A fatal flaw has been discovered in WhatsApp that could be exploited by those with a lot of time on their hands to crash the popular messaging app. All it takes is 4,000 smiley emojis to orchestrate its downfall.

Security researcher and WhatsApp aficionado Indrajeet Bhuyan found the bug that affects both the desktop and mobile versions of the app.

According to Bhuyan, he was using the Web version of the service, which allows users to type messages of up to 6,600 characters. Instead of writing text, Bhuyan began inserting smiley emojis, thousands of them. When he got to about 4,200 emojis the browser began to slow down, but since he had not reached the character limit it allowed him to continue, until it crashed. Bhuyan still managed to send his emoji-plagued message, which led him to discover that opening such a message on a mobile will cause WhatsApp to repeatedly crash. You can check out a video demonstration of the flaw above.

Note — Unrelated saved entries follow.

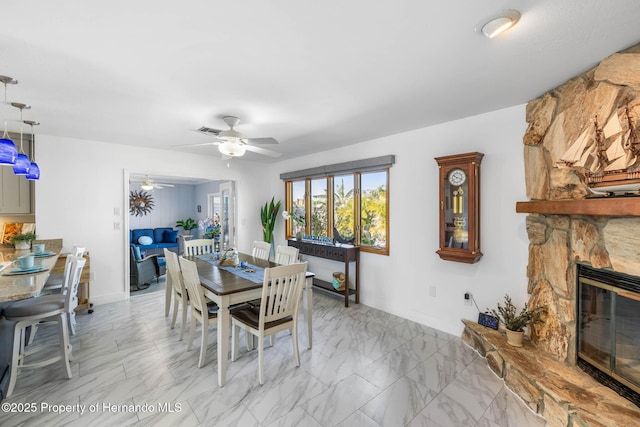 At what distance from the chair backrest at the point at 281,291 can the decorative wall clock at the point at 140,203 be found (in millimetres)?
7811

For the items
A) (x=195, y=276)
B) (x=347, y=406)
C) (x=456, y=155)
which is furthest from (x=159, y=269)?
(x=456, y=155)

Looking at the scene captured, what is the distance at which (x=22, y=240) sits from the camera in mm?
3518

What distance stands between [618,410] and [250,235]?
17.6 feet

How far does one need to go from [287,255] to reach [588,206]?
2764mm

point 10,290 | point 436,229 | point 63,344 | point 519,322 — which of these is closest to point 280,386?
point 63,344

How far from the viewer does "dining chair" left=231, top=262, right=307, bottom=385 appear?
90.4 inches

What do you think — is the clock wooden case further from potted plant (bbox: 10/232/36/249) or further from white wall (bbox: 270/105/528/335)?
potted plant (bbox: 10/232/36/249)

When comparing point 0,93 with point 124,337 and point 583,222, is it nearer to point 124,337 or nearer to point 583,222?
point 124,337

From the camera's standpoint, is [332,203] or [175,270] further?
[332,203]

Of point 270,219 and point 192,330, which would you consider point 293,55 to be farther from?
point 270,219

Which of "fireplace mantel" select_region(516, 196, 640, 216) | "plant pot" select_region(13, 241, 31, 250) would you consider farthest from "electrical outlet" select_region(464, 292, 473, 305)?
"plant pot" select_region(13, 241, 31, 250)

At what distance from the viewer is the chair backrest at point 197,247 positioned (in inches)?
168

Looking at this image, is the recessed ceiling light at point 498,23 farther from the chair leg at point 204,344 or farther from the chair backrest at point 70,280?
the chair backrest at point 70,280

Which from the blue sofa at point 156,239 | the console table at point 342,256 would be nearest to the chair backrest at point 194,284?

Related: Leaked WhatsApp screenshots reveal next major update could include video calling

The 18-year-old tech whiz tested the bug on the desktop version of the app using Firefox and Chrome browsers. He also tested it on Android devices carrying Marshmallow, Lollipop, and Kitkat versions of Google’s OS. The smartphones he reportedly used in his research included the Moto E, Asus ZenFone, and the OnePlus Two. Bhuyan noted that the message failed to crash the iOS version of WhatsApp, but it did freeze the app for a few seconds.

If you’re afraid someone might use the bug against you (now that we’ve let the cat out of the bag), worry not as there is a solution. Bhuyan claims that deleting the entire chat from the smiley saboteur will prevent WhatsApp from crashing. He has reported the problem to WhatsApp in the hope that a patch will be released.

This isn’t the first time the teenager has discovered a critical flaw in the messaging service. Last year, Bhuyan revealed how a specially constructed message using just 2,000 characters could cause the app to crash. The flaw was reportedly fixed in a WhatsApp update.

Saqib Shah
Former Digital Trends Contributor
Saqib Shah is a Twitter addict and film fan with an obsessive interest in pop culture trends. In his spare time he can be…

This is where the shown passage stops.